Nous publions ci-dessous, le texte intégral du sermon prononcé par le rabbin François Garaï, vendredi dernier à la synagogue du Seujet à Genève, lors de la célébration de Chavouot[1]. Le titre, les intertitres et le choix de l’illustration sont le fait du Plouc.
Nous allons célébrer Chavouot qui rappelle l’énoncé par Dieu des 10 commandements au peuple d’Israël. Un de ces commandements dit : Tu ne porteras pas de faux témoignage.
Dans le monde au sein duquel nous vivons, le faux témoignage est chose courante. C’est ce qu’on appelle la désinformation.
Ce sont aussi les doctrines politiques qui s’appuient sur des idéologies et rejettent, a priori, les visions autres que les leurs, comme celles qui invoquent Dieu ou des textes « révélés » ou un narratif pour affirmer un positionnement politique.
Aujourd’hui, nous en sommes là.
Deux peuples, une terre, une cité
Les Palestiniens ont une relation avec la terre d’Israël et avec Jérusalem.
Nous, Juifs, avons une relation avec la terre d’Israël et avec Jérusalem.
Deux peuples, une seule terre, et une seule ville de Jérusalem.
Qui porte un faux témoignage, eux ou nous? En général, c’est toujours l’autre.
En lisant la Torah, nous apprenons que lorsque le peuple d’Israël entra en Canaan, il devait éliminer la population et effacer toute trace de leur existence. L’ont-ils fait?
La lecture du livre des Juges indique que tel ne fut pas le cas et il semble bien que tel ne fut pas le cas ; le peuple d’Israël dû guerroyer pour assurer sa sécurité, un peu comme aujourd’hui.
Conséquence des faux témoignages
Cela n’empêche pas certains des nôtres de se référer à ces textes et d’estimer que les arabes doivent être expulsés de tout le territoire entre la Méditerranée et le Jourdain.
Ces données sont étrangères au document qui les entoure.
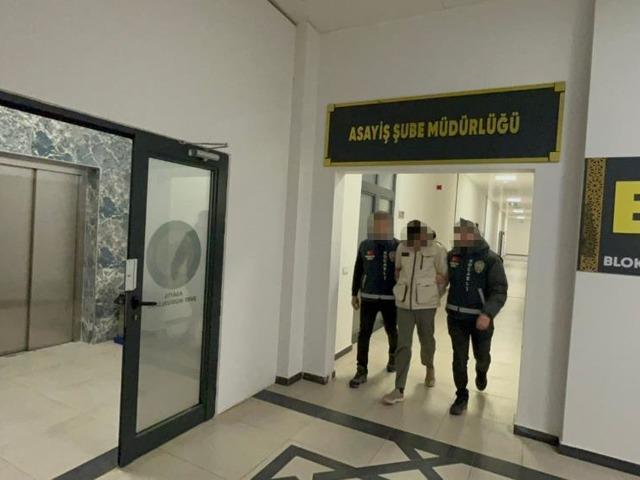 İ&ccedil;inde altın bulunan &ccedil;elik kasayı &ccedil;aldı, polis evinde yakaladı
Et des députés fraîchement élus à la Knesset le disent.
Et de nombreux Palestiniens vivant hors d’Israël disent n’attendre que l’occasion de jeter les Israéliens juifs à la mer ou de les égorger, comme ce palestinien vivant à Beyrouth, entendu hier soir à la Radio Suisse Romande.
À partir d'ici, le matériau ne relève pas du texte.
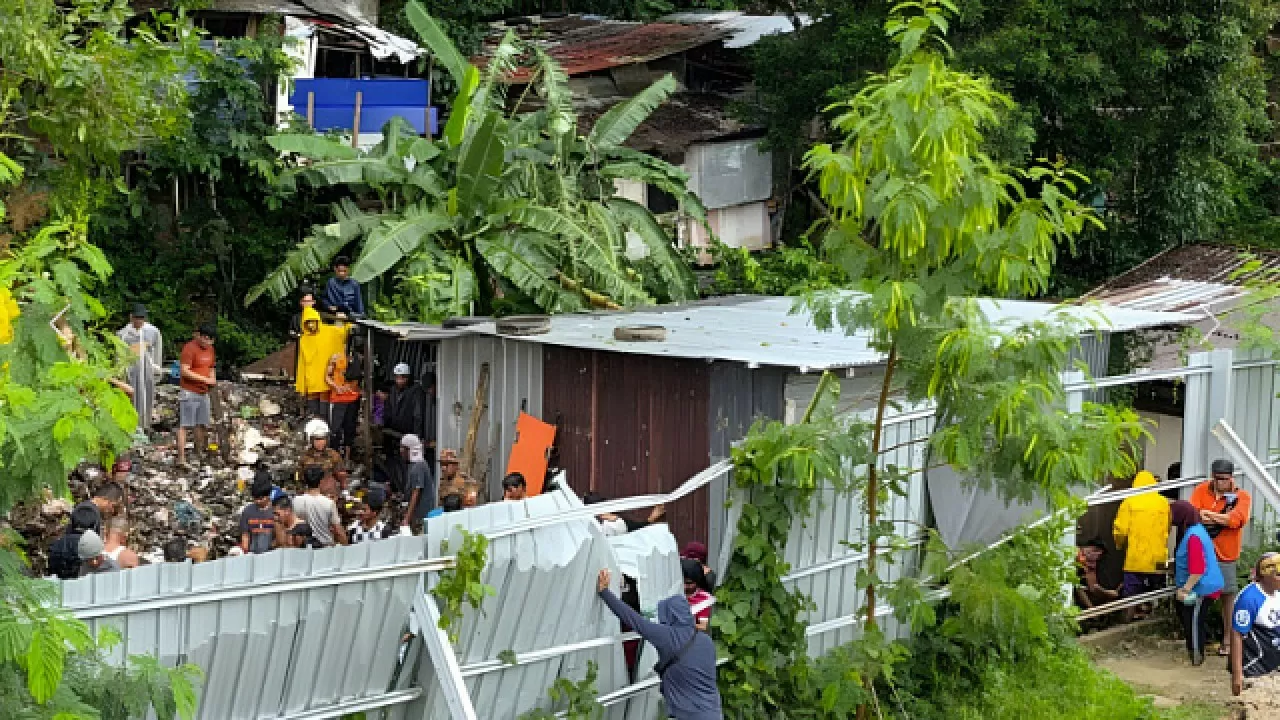 مالايزياداعى كوشكىننەن 11 ادام قازا تاپتى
Telle est la conséquence des faux témoignage. Telle est la conséquence de ces narratifs qui refusent l’existence d’autre narratifs que le leur.
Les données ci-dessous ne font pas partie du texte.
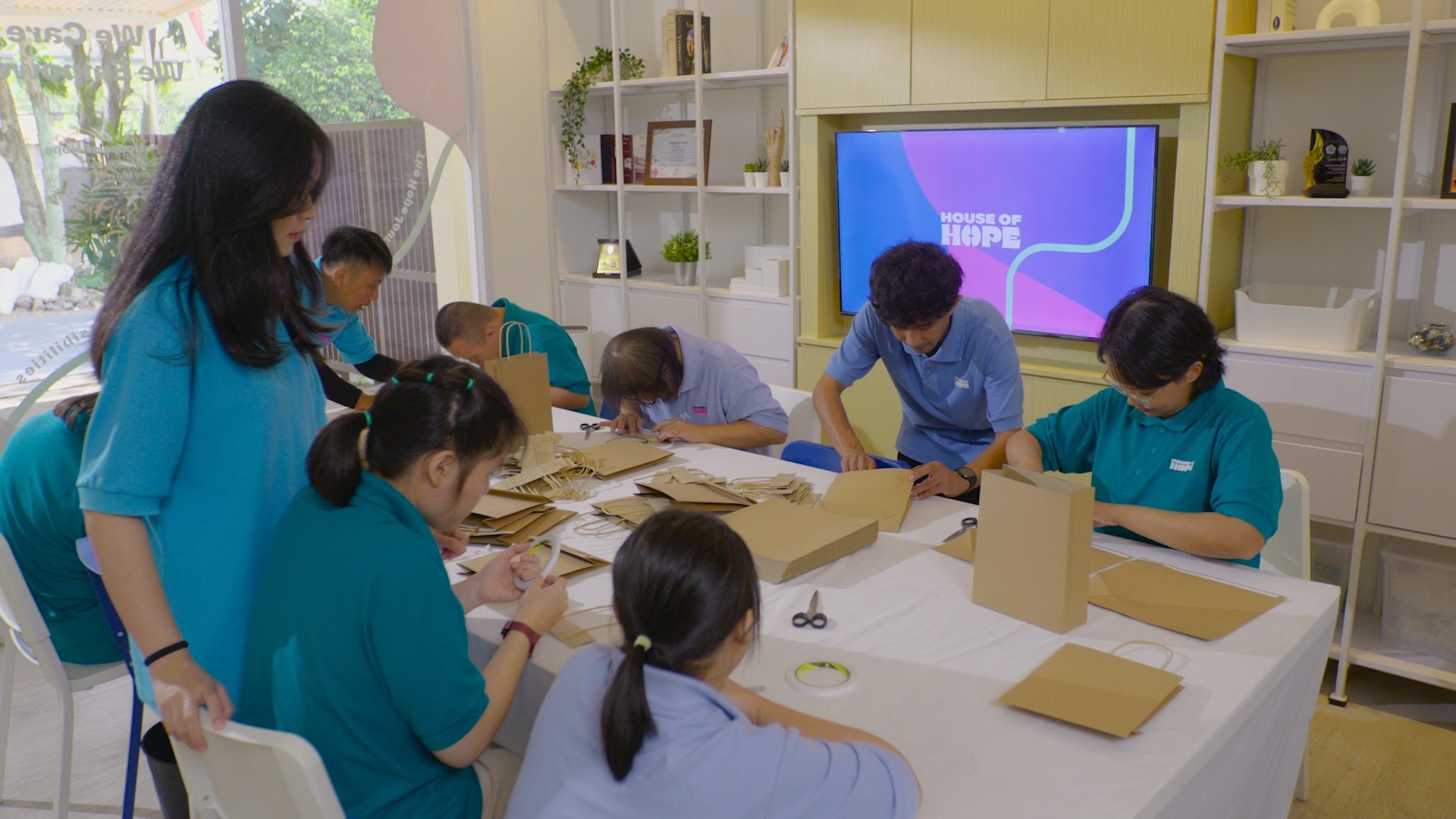 HoH - Company Profile Update 2024_IND Subtitle.mp4_snapshot_00.24.538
Pour des Musulmans, il n’y a jamais de Temple juif à Jérusalem.
Pour des Juifs, les Palestiniens n’ont aucun droit sur Eretz Israël haKedochah/ La terre sainte d’Israël, comme ils disent.
Entre temps, la guerre et les émeutes, les échauffourées entre Israéliens juifs et Israéliens arabes.
Et cela au milieu d’un vide politique.
Vides politiques
Un gouvernement israélien qui, depuis plus de trois ans, ne peut pas prendre de véritable initiative car il ne représente plus une majorité. Malgré quatre scrutins, il est toujours impossible de constituer un nouveau gouvernement avec une majorité parlementaire.
Une autorité palestinienne qui, de son côté, refuse d’organiser une élection sachant qu’elle serait minorisée. Cela, entre autres motifs, a amené le Hamas à se présenter comme le seul défenseur des Palestiniens et à entrer en guerre.
Des narratifs contradictoires et des visions incompatibles les unes avec les autres, une incapacité à aller vers l’autre.
Et des centaines de rockets qui s’abattent à l’aveugle et des ripostes qui endommagent des lieux civils proches des lieux de lancement de missiles ou d’espaces sous-terrain militarisés.
Peut-on invoquer le blocus? Pourtant il apparaît d’une efficacité relative puisque les entrepôts militaires gazaouis semblent bien garnis. D’où les armes viennent-elles et comment sont-elles entrées dans ce territoire?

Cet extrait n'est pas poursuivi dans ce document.